What's so Ponzi about the Chinese-US relationship? Basically everything.
The [artificially low] renminbi made it irresistibly inexpensive for US companies to manufacture goods in China, even after shipping costs. As more companies shifted their operations to China, the US manufacturing base was hollowed out. Americans who once enjoyed high-paying factory jobs moved on to lower-paying service jobs.
China bought Treasury bills with its factory profits. The purchase of all those bills drove down US interest rates. As middle-class and blue-collar Americans saw their wages stagnate or decline, they discovered they could still keep their old lifestyles by borrowing.
As long as China kept buying [US paper], our driveways filled up with cars and boats, shopping malls spread out across the suburban landscape, and the retailer with the closest ties to China, Wal-Mart Stores (NYSE: WMT), became the US's largest company.
Was that so bad? Well, disgraced financier Bernie Madoff's clients for years thought they were rich because he sent them brokerage statements that said so. But that scheme worked only as long as new money kept coming in. When Madoff's $50-billion game fell apart, his victims suddenly discovered that their brokerage statements were worthless pieces of paper. The reality is that they were always broke; they just didn't know it yet.

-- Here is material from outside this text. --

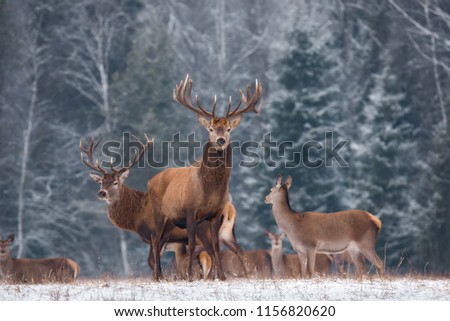 Deer ( Cervus Elaphus ) In The Natural Habitat, Winter Time, Vitebsk Region, Belarus. Adult  Deer  Stag With Big Horns In Beautiful Pose On The Edge Of The Winter Forest. Great Deer Buck ( Cervidae )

The credit that has kept American families afloat for the past ten years is similar to those Madoff-produced brokerage statements. The credit is good only so long as China keeps recycling funds through the Ponzi scheme. But if Beijing leaders ever decide that it's just too risky to own US dollars and debt, then the system is going to come crashing down.
It's a classic Catch-22. China's cache of US bonds isn't worth anything unless the bonds are sold. But selling them on any kind of scale will gut their value.
China and the US together built the most monstrous liquidity bubble in world history as each pursued what it believed to be logical self-interest without any regulator, such as a stern global central banker, telling them that they were on a path of mutually assured destruction.
There are no good solutions. The Chinese need to open their markets and let their currency float on the open market, but they won't for political reasons. And the US needs to either halt its runaway deficit spending so that the world is not even more flooded with our debt, or swallow its pride and issue Treasuries denominated in Chinese currency. That probably won't happen, either. Which means there is only one solution left: a long, slow, boring, lonely, soul-crushing process of digging out from under the piles of debt that got us into this mess.
You might even say that the bursting of the credit Ponzi scheme has left us all in jail now with Madoff. Let's hope that our sentence is shorter than his.